Reich bu kampanyayı yürüten yazar ve sivil haklar aktivisti Truman Nelson ile tanıştı. Nelson onun sivil haklar hareketine sempati duyduğunu ve destek verdiğini biliyordu; kampanya kapsamında düzenlenen bağış konserine bir kompozisyonuyla katılması için teklifte bulundu. Reich teklifi kabul edince ve yeni bir kompozisyonla katkıda bulunacağını, nasıl bir kompozisyon tasarladığını söyleyince ona malzeme olarak yargılanan gençlerden Daniel Hamm’in ses kayıtlarını verdi. Hamm de cinayetle suçlanan diğer beş arkadaşı gibi suçu üstlenmesi için karakolda ağır biçimde dövülmüştü. Ses kayıtlarında bütün bedeninin mosmor olduğundan söz ediyordu. Reich kayıtlardan sadece küçük bir bölümü kullandı. Onun sözlerinde de bir müzikalite bulmuştu, tıpkı parklarda vaaz veren rahibin sözlerinde olduğu gibi, ama bu kez trajik bir müzikalite. Reich aynı zamanda fonetik bir yöntem kullandı. Mağdurun konuşma dilindeki seslerle dinleyiciye onun ıstırabını hissettiriyor, acı çeken bir insanın derisinin altına girebilmeyi mümkün kılıyordu.

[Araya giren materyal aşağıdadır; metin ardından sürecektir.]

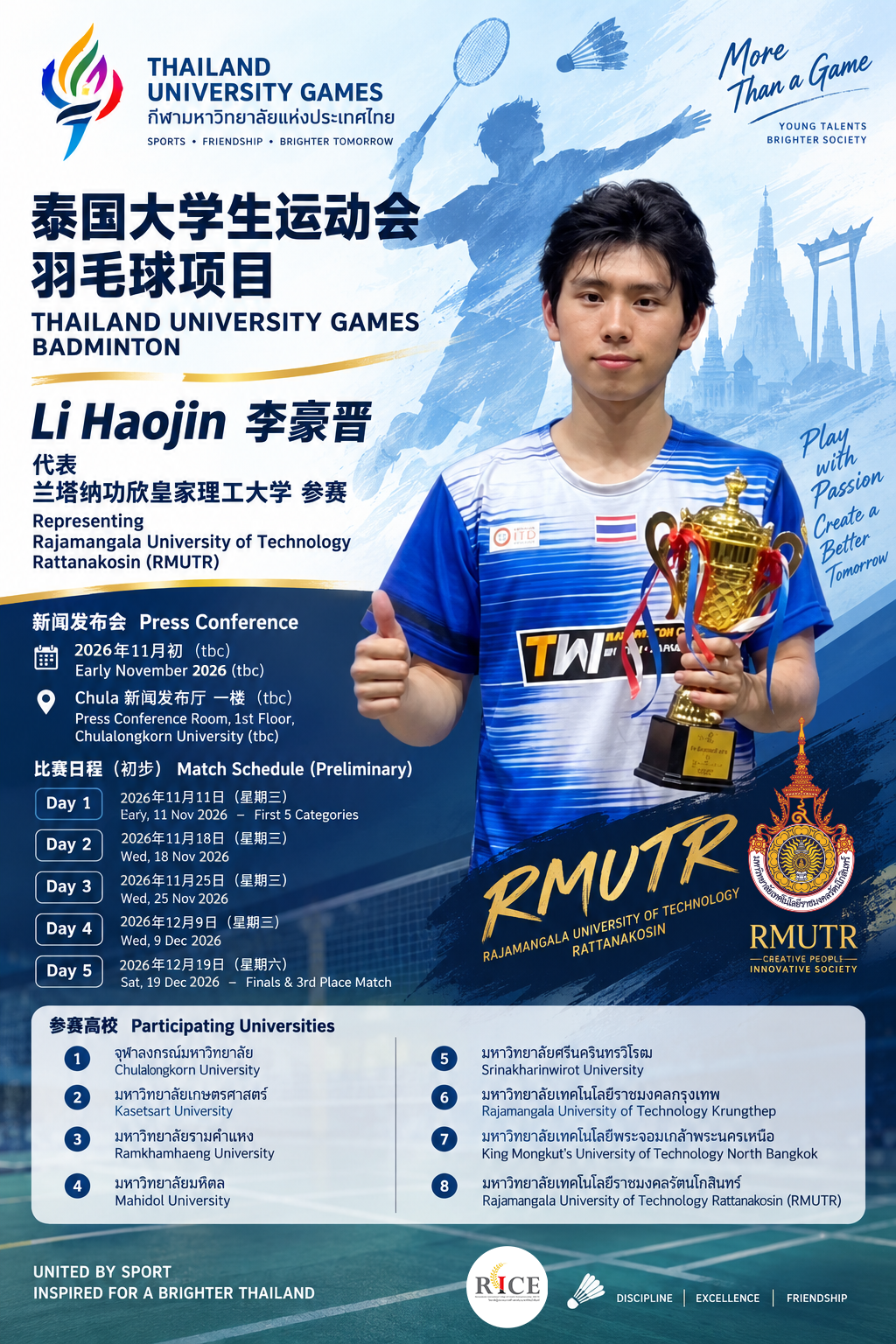 ตัวแทนนักกีฬาแบดมินตันของมหาวิทยาลัยเทคโนโลยีราชมงคลรัตนโกสินทร์ (มทร.รัตนโกสินทร์) 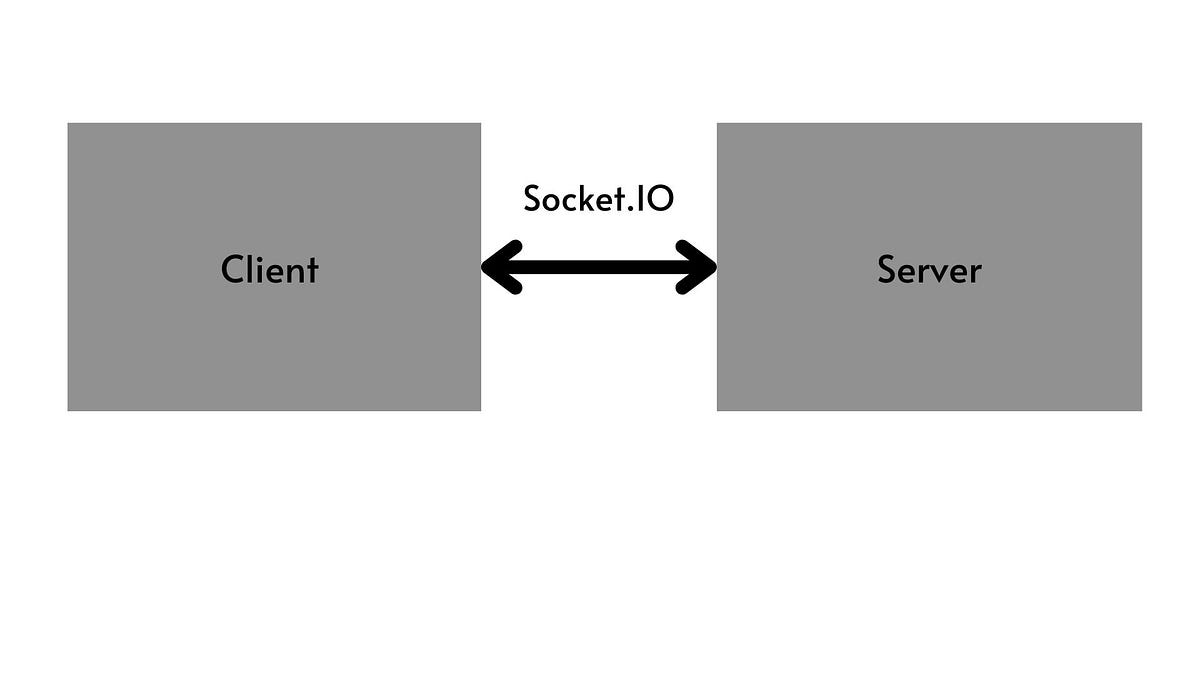 Beginner's guide to Socket.IO. An endpoint of a twoway communication
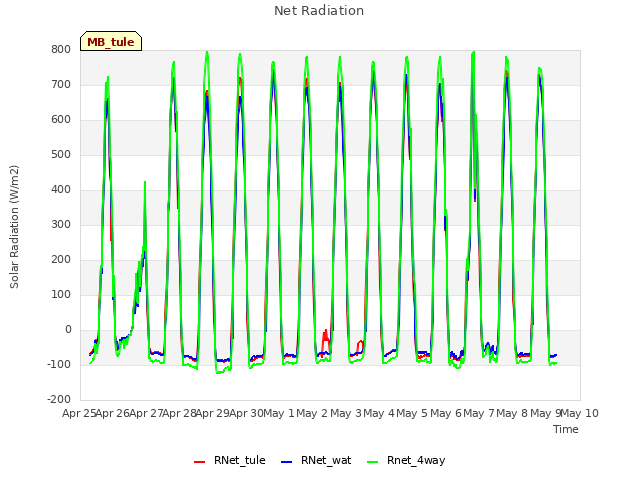 plot of Net Radiation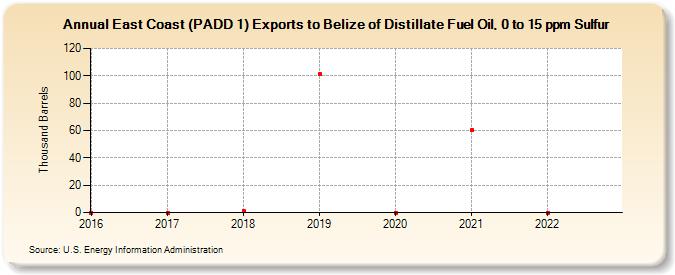 East Coast (PADD 1) Exports to Belize of Distillate Fuel Oil, 0 to 15 ppm Sulfur (Thousand Barrels)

İlk kez 17 Nisan 1966 gecesi (NYC) Belediye Binası’nda düzenlenen bağış konserinde seslendirilen Dışarı Çık sivil haklar hareketine avangard müzikten gelen sanatsal bir katkı ve estetik bir destekti. Siyahlar üzerindeki polis terörünün, yargı sistemindeki adaletsizliğin ve ırkçı eğilimlerin eleştirisiydi. Aslında bunlar bugünün de sorunları. Bu nedenle Reich’ın deneysel çalışması günümüzde polisin siyahlara karşı orantısız güç kullanmasını, kimi kez şüpheli gördüğü ve suçlu saydığı siyahları mahkemeye çıkarmadan onları sokak ortasında vurmasını protesto amacıyla oluşturulan Siyah Hayatlar Önemlidir hareketine de pekâlâ estetik destek olabilir.